USER_AGENT = "Mozilla/5.0 (Windows NT 6.1; WOW64) AppleWebKit/537.36 (KHTML, like Gecko) Chrome/34.0.1847.131 Safari/537.36"
ROBOTSTXT_OBEY = False
如果您密切注意提取的网址,它们都有 sa
、ved
和 usg
查询参数。显然,这些不是目标站点 url 的一部分,而是 google 搜索结果查询参数。
要仅获取目标网址,您应该使用 urllib
库解析网址,并仅提取 q
查询参数。
from urllib.parse import urlparse, parse_qs
parsed_url = urlparse(url)
query_params = parse_qs(parsed_url.query)
target_url = query_params["q"][0]
完整工作代码:
from urllib.parse import urlparse, parse_qs
class GoogleBotsSpider(scrapy.Spider):
name = 'GoogleScrapyBot'
allowed_domains = ['google.com']
start_urls = [
f'https://www.google.com/search?q=apple+"iphone"+intext:iphone12&hl=en&rlz=&start=0']
def parse(self, response):
titles = response.xpath('//*[@id="main"]/div/div/div/a/h3/div//text()').extract()
links = response.xpath('//*[@id="main"]/div/div/div/a/@href').extract()
items = []
for idx in range(len(titles)):
item = GoogleScraperItem()
item['title'] = titles[idx]
# Parsing item url
parsed_url = urlparse(links[idx])
query_params = parse_qs(parsed_url.query)

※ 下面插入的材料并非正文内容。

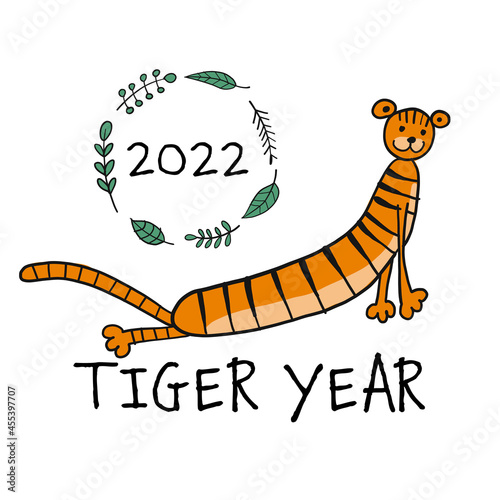 Tiger Cartoon, animal character. Symbol of 2022 New Year. Design Template for...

item['link'] = query_params["q"][0]
items.append(item)
df = pd.DataFrame(items, columns=['title', 'link'])
writer = pd.ExcelWriter('test1.xlsx', engine='xlsxwriter')
df.to_excel(writer, sheet_name='test1.xlsx')
writer.save()
return items
这是我的 Google 搜索结果抓取代码。
class GoogleBotsSpider(scrapy.Spider):
name = 'GoogleScrapyBot'
allowed_domains = ['google.com']
start_urls = [
f'https://www.google.com/search?q=apple+"iphone"+intext:iphone12&hl=en&rlz=&start=0']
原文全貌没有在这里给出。